Whitehorn James, Nguyen Chau Van Vinh, Khanh Lam Phung, Kien Duong Thi Hue, Quyen Nguyen Than Ha, Tran Nguyen Thi Thanh, Hang Nguyen Thuy, Truong Nguyen Thanh, Hue Tai Luong Thi, Cam Huong Nguyen Thi, Nhon Vo Thanh, Van Tram Ta, Farrar Jeremy, Wolbers Marcel, Simmons Cameron P, Wills Bridget
London School of Hygiene and Tropical Medicine, United Kingdom.
Oxford University Clinical Research Unit.
Clin Infect Dis. 2016 Feb 15;62(4):468-476. doi: 10.1093/cid/civ949. Epub 2015 Nov 12.
Dengue endangers billions of people in the tropical world, yet no therapeutic is currently available. In part, the severe manifestations of dengue reflect inflammatory processes affecting the vascular endothelium. In addition to lipid lowering, statins have pleiotropic effects that improve endothelial function, and epidemiological studies suggest that outcomes from a range of acute inflammatory syndromes are improved in patients already on statin therapy.
Following satisfactory review of a short pilot phase (40 mg lovastatin vs placebo in 30 cases), we performed a randomized, double-blind, placebo-controlled trial of 5 days of 80 mg lovastatin vs placebo in 300 Vietnamese adults with a positive dengue NS1 rapid test presenting within 72 hours of fever onset. The primary outcome was safety. Secondary outcomes included comparisons of disease progression rates, fever clearance times, and measures of plasma viremia and quality of life between the treatment arms.
Adverse events occurred with similar frequency in both groups (97/151 [64%] placebo vs 82/149 [55%] lovastatin; P = .13), and were in keeping with the characteristic clinical and laboratory features of acute dengue. We also observed no difference in serious adverse events or any of the secondary outcome measures.
We found lovastatin to be safe and well tolerated in adults with dengue. However, although the study was not powered to address efficacy, we found no evidence of a beneficial effect on any of the clinical manifestations or on dengue viremia. Continuing established statin therapy in patients who develop dengue is safe.Chinese Clinical Trials Registration. ISRCTN03147572.

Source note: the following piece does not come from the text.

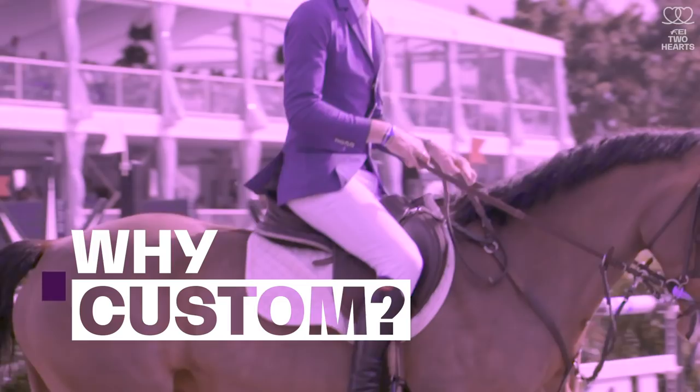Well, one of the biggest problems that people have is that they don't understand how critical fit is. That horse knows when it doesn't fit you. Your body posture, the position that you ride in, will translate right through that saddle to the horse's back. So the most perfect fit saddle to the horse is completely ruined if it doesn't fit the rider.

登革热危及热带地区数十亿人口,但目前尚无治疗方法。登革热的严重表现部分反映了影响血管内皮的炎症过程。除了降低血脂外,他汀类药物还具有改善内皮功能的多效性作用,流行病学研究表明,已接受他汀类药物治疗的患者在一系列急性炎症综合征中的预后得到改善。
在对一个短期试点阶段(30例患者使用40mg洛伐他汀与安慰剂对比)进行满意的评估之后,我们对300名越南成年人进行了一项随机、双盲、安慰剂对照试验,这些患者在发热开始72小时内登革热NS1快速检测呈阳性,给予80mg洛伐他汀或安慰剂,为期5天。主要结局是安全性。次要结局包括比较治疗组之间的疾病进展率、热退时间、血浆病毒血症指标和生活质量。
两组不良事件发生频率相似(安慰剂组97/151 [64%] ,洛伐他汀组82/149 [55%];P = 0.13),且与急性登革热的特征性临床和实验室特征相符。我们还观察到严重不良事件或任何次要结局指标均无差异。
我们发现洛伐他汀在登革热成人患者中安全且耐受性良好。然而,尽管该研究没有足够的效力来评估疗效,但我们没有发现对任何临床表现或登革热病毒血症有有益影响的证据。登革热患者继续进行已确立的他汀类药物治疗是安全的。中国临床试验注册。 国际标准随机对照试验编号:ISRCTN03147572 。